- _Exercise directions_
Return all of the listing word for word; the pictures stay out.

- _Supplied material_
[Start of section]
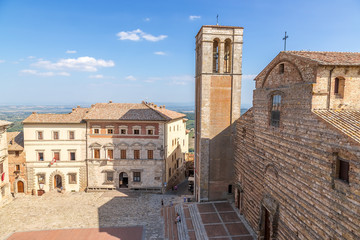 Fototapeta na wymiar Montepulciano, Italy. A large Square: in the center - Palace Contucci, right - Bell Tower (XV c.) and the Cathedral of the Assumption of the Virgin Mary, 1592 - 1630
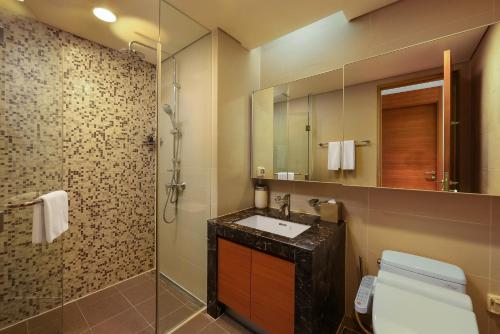 a bathroom with a sink and a shower with a mirror at Lotte The Residence in Hanoi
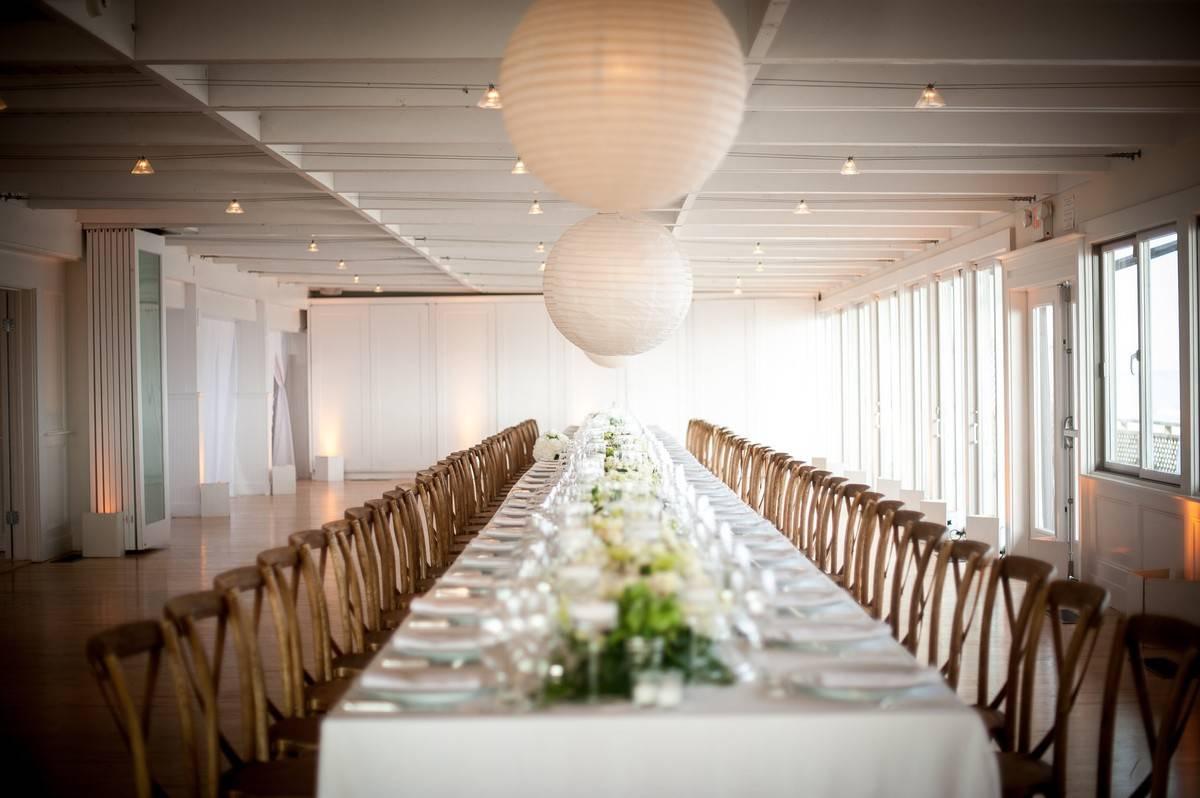 long farm table at indoor wedding reception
[End of section]
- _Written solution_
 Fototapeta na wymiar Montepulciano, Italy. A large Square: in the center - Palace Contucci, right - Bell Tower (XV c.) and the Cathedral of the Assumption of the Virgin Mary, 1592 - 1630
 a bathroom with a sink and a shower with a mirror at Lotte The Residence in Hanoi
 long farm table at indoor wedding reception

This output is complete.